## What is being asked:
Look in the listing below for the line that has "Оскорбления незнакомцев в интернете", then return it and each following line up to and including the one with "Cover image for", exactly and without pictures.

## Task input:
- - - -

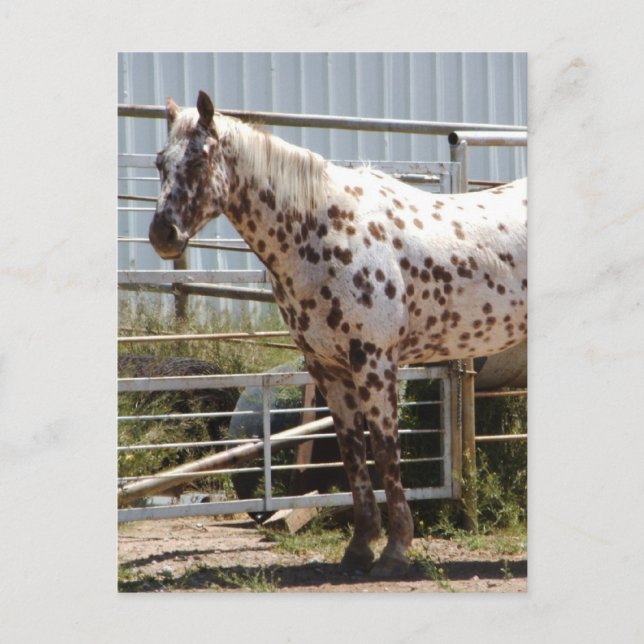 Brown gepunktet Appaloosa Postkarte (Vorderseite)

- - - -

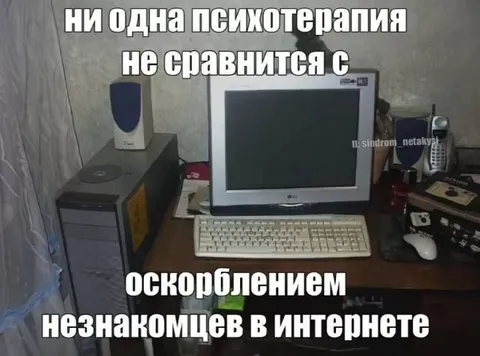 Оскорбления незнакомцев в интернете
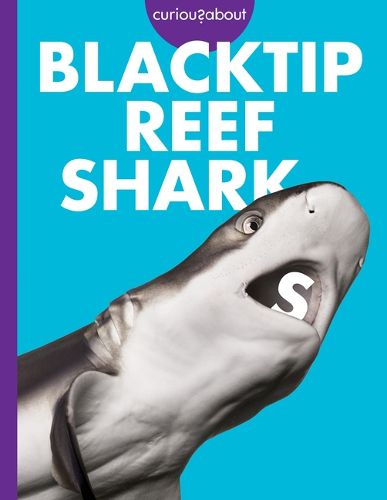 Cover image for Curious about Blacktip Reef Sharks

- - - -

## Task result:
 Оскорбления незнакомцев в интернете
 Cover image for Curious about Blacktip Reef Sharks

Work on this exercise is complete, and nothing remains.